1 | Community Engagement

First up is our work in the area of Community Engagement. Here our aim is to enable “a growing number of agencies and individuals in all sectors and in all countries to participate in a dynamic and mutually supportive digital preservation community”. Collaboration is a key to digital preservation success, and we hope to encourage and support it by helping build an inclusive and active community. An important step in achieving this aim was the publication of our ‘Inclusion and Diversity Policy’ in 2018.

Webinars are key to building community engagement amongst our members. We invite speakers to talk to our members about particular topics and share experiences through case studies. These webinars are recorded and made available for members to watch at a later date. We also run a monthly ‘Members Lounge’ to allow informal sharing of current work and discussion of issues as they arise and, on the public end of the website, a popular blog, covering case studies, new innovations, thought pieces, recaps of events and more.

2 | Advocacy

Our advocacy work campaigns “for a political and institutional climate more responsive and better informed about the digital preservation challenge”, as well as “raising awareness about the new opportunities that resilient digital assets create”. This tends to happen on several levels, from enabling and aiding members’ advocacy efforts within their own organizations, through raising legislators’ and policy makers’ awareness of digital preservation, to educating the wider populace.

To help those advocating for digital preservation within their own context, we have recently published our Executive Guide. The Guide provides a grab bag of statements and facts to help make the case for digital preservation, including key messages, motivators, opportunities to be gained and risks faced. We welcome any suggestions for additions or changes to this resource!

Our longest running advocacy activity is the biannual Digital Preservation Awards, last held in 2018. The Awards aim to celebrate excellence and innovation in digital preservation across a range of categories. This high-profile event has been joined in recent years by two other activities with a broad remit and engagement. The first is the Bit List of Digitally Endangered Species, which highlights at risk digital information, showing both where preservation work is needed and where efforts have been successful. Finally, there is World Digital Preservation Day (WDPD), a day to showcase digital preservation around the globe.

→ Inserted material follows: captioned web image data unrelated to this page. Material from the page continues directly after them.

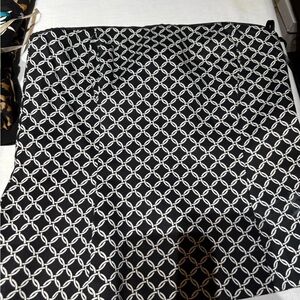 White House Black Market Black and White Geometric Top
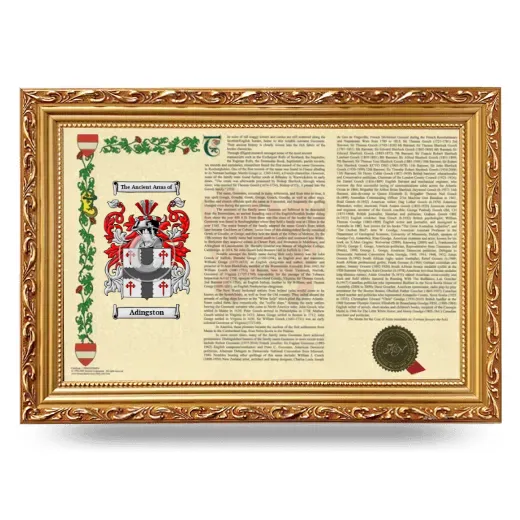 Adingston Armorial Landscape Framed - Gold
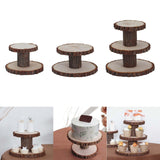 Maxbell Cupcake Tower Wood Parties Tableware Multifunctional Round Plates Cake Stand 2 tier small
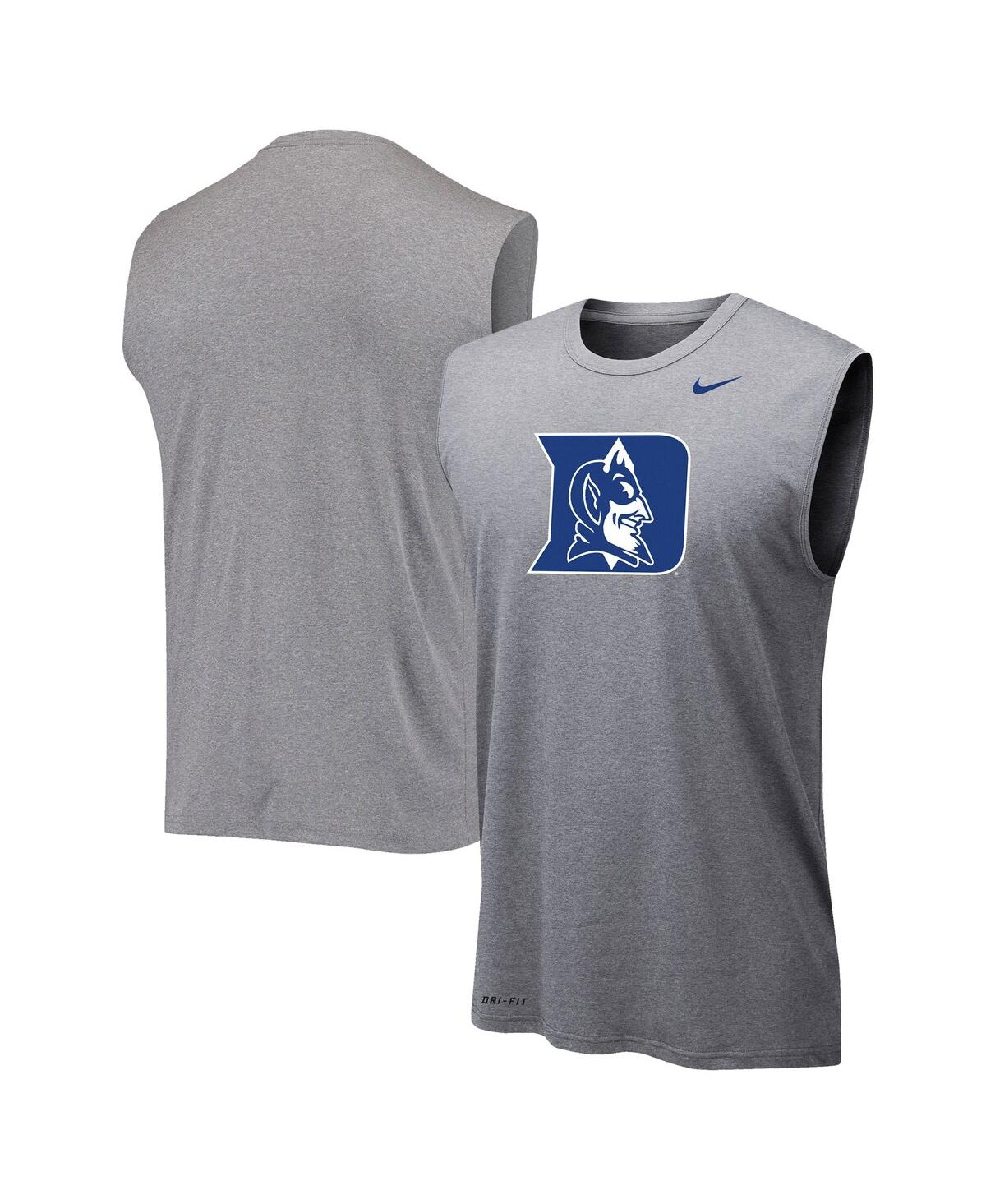 Men's Nike Heathered Gray Duke Blue Devils Performance Legend Tank Top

Response to WDPD since its inauguration in 2017 has been exceptionally positive. There’s been tweets, blogs, events, webinars, and even a song and dance! This year WDPD is scheduled for 7th November, and we encourage everyone to get involved.

The nominees, winners, and judges for the 2018 Digital Preservation Awards

3 | Workforce Development

Workforce Development activities at the DPC focus on “providing opportunities for our members to acquire, develop and retain competent and responsive workforces that are ready to address the challenges of digital preservation”. There are many threads to this work, but key for our members are the scholarships we provide through our Career Development Fund and free access to the training courses we run.

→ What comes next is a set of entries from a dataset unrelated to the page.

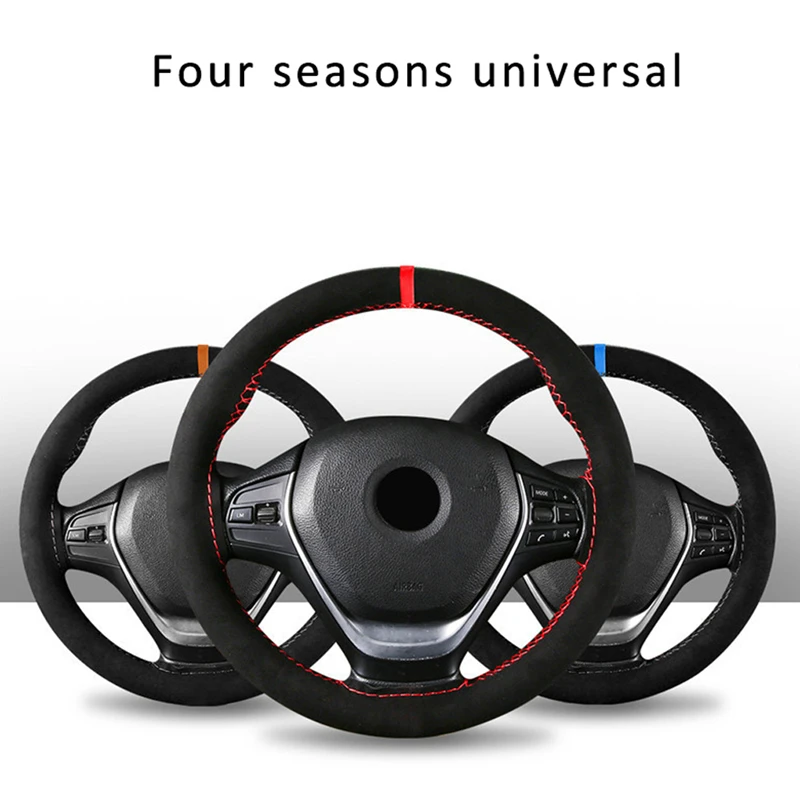 

Black Suede Leather Car Steering Wheel Covers 35-37cm 14.6inch Universal Anti-Slip Wheel Covers for Car Accessories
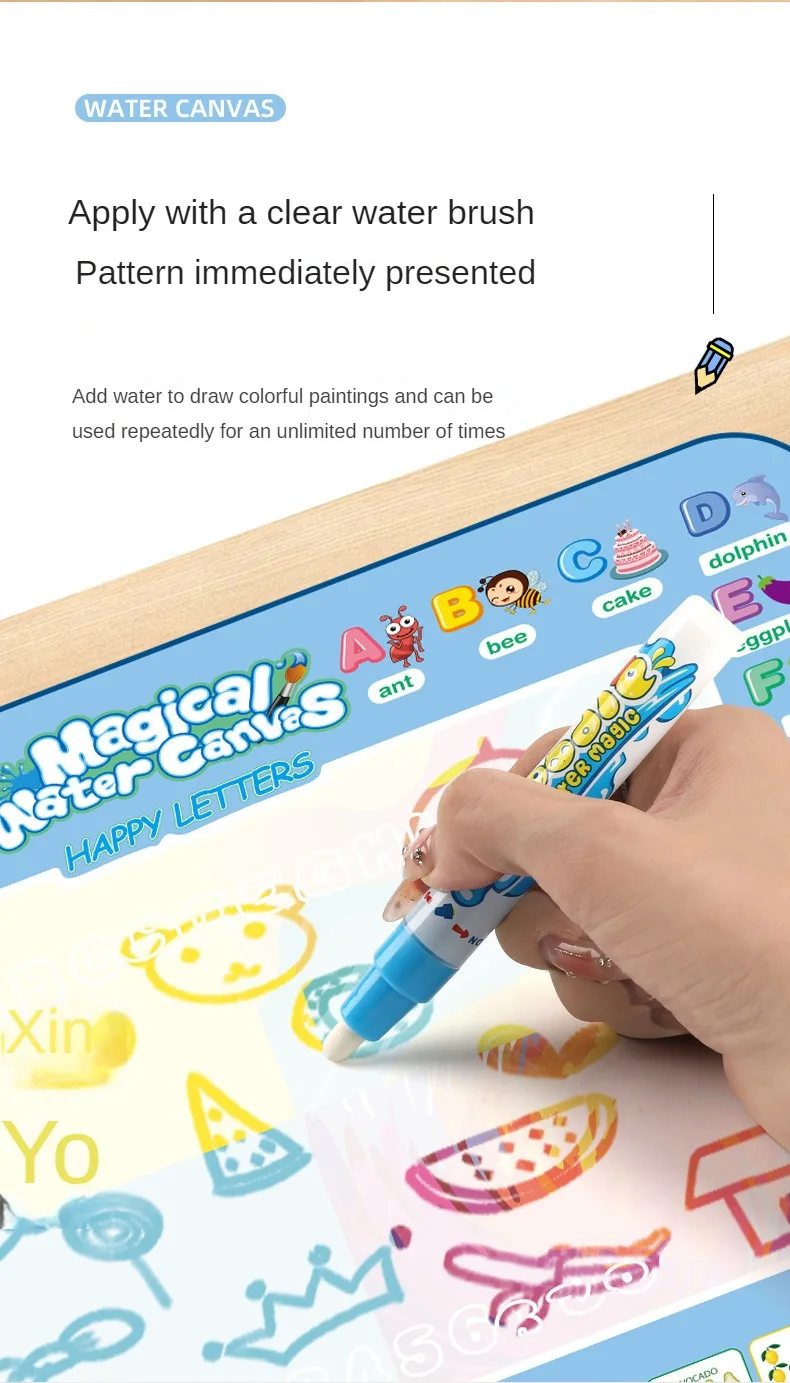 Magic Water Drawing Mat – Large Reusable Doodle Board with Pens (Mess-Free Educational Toy) - Image 12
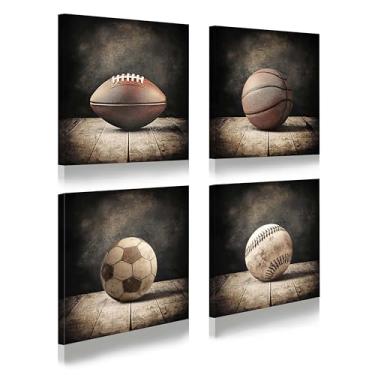 Imagem de Dream Land Conjunto de arte de parede em tela de bolas esportivas vintage - decoração rústica de futebol, basquete, futebol e beisebol para quarto, sala de estar, berçário infantil, sala de jogos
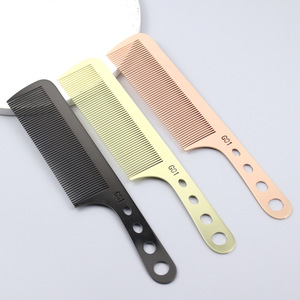 Professional Salon Hairdressing Tool Custom Black Heat Resistant Teasing Carbon Double Teeth <b>Comb</b> - Product Image 4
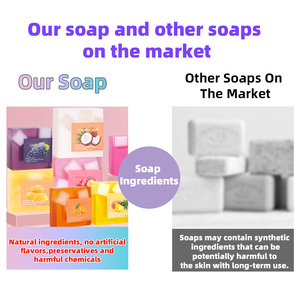 Tốt Nhà-Bán Hàng Hóa Tại Chỗ Trong Suốt Thanh Xà Phòng 100G Dâu Tây Cam Xoài Nho Đào Dừa Hạt Trái Cây Glycerin Xà Phòng - Product Image 2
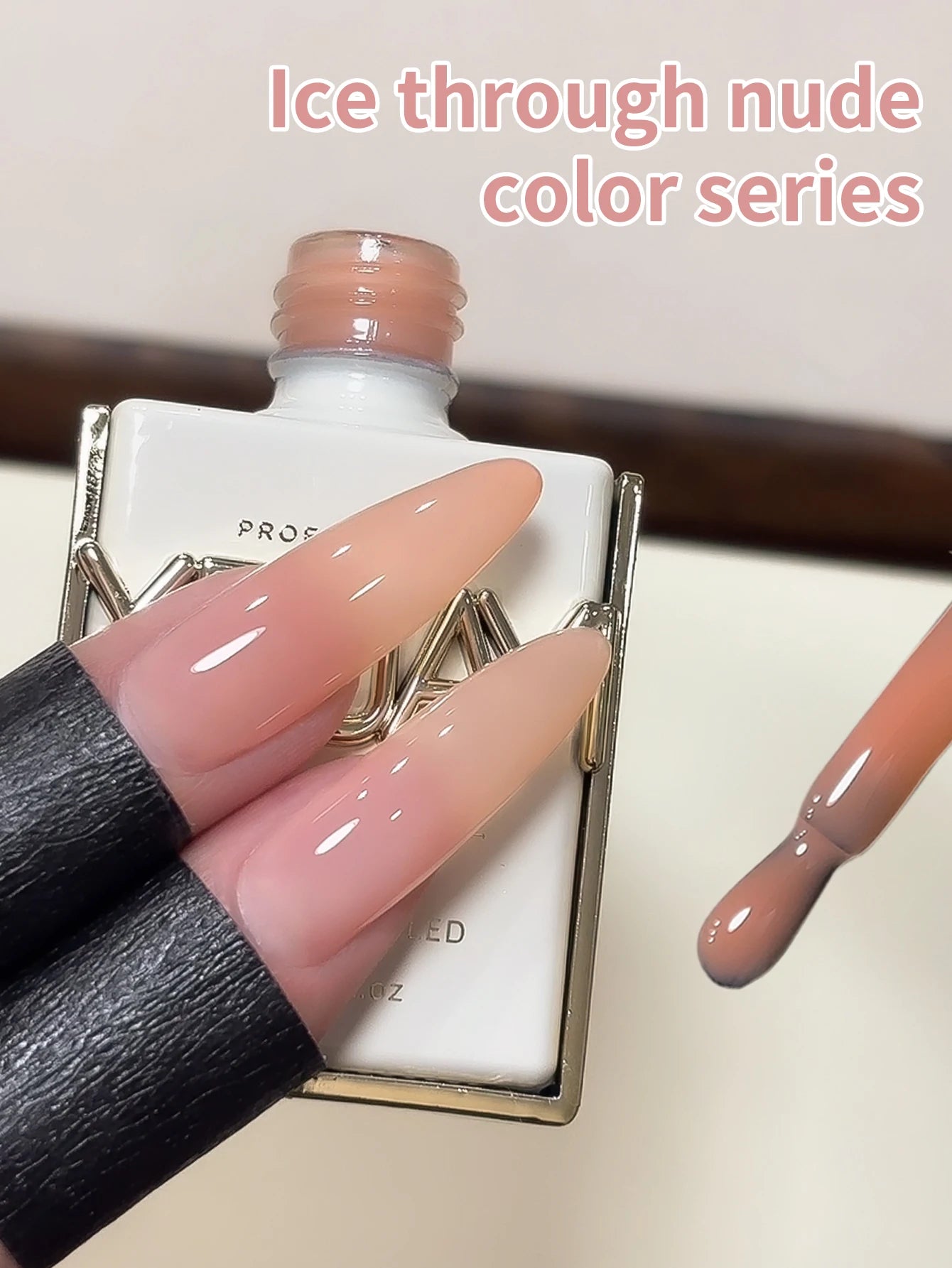 1/6Pcs 15ml Jelly Ice Nude Peelable Polish, UV/LED - set, Formaldehyde - free. Oval, Glossy. Good for Salon & DIY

At the moment we offer three training courses: ‘Getting Started with Digital Preservation’, ‘Making Progress with Digital Preservation’ and ‘Advocacy for Digital Preservation’, but we have plans to expand the portfolio in the coming year. All of our training courses are available to non-members for a modest fee, but at the moment are mostly held face to face in the UK and Ireland. A move to online training provision is, however, planned for 2020. We are also happy to share training resources and have set up a Slack workspace to enable this and greater collaboration with regards to digital preservation training.

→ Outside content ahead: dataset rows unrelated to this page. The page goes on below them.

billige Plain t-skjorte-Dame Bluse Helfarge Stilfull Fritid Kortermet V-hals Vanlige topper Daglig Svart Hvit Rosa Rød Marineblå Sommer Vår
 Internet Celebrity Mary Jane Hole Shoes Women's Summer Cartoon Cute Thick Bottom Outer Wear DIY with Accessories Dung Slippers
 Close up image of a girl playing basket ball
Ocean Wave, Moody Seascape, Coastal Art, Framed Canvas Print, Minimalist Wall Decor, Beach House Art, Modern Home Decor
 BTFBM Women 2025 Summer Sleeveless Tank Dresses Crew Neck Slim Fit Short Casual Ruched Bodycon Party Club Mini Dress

Other resources that may prove helpful that fall under our Workforce Development heading include the ‘Digital Preservation Handbook’, a free online publication covering a digital preservation in the broadest sense. The Handbook aims to be a comprehensive guide for those starting with digital preservation, whilst also offering links additional resources. The content for Handbook was crowd-sourced from experts and has all been peer reviewed. Another useful and slightly less well-known series of publications are our ‘Topical Notes’, originally funded by the National Archives of Ireland, and intended to create resources that introduced key digital preservation issues to a non-specialist audience (particularly record creators). Each note is only two pages long and jargon-free, so a great resource to help raise awareness.

4 | Capacity Building

Perhaps the biggest area of DPC work covers Capacity Building, that is “supporting and assuring our members in the delivery and maintenance of high quality and sustainable digital preservation services through knowledge exchange, technology watch, research and development.” This can take the form of direct member support, helping with tasks such as policy development and procurement, as well as participation in research projects.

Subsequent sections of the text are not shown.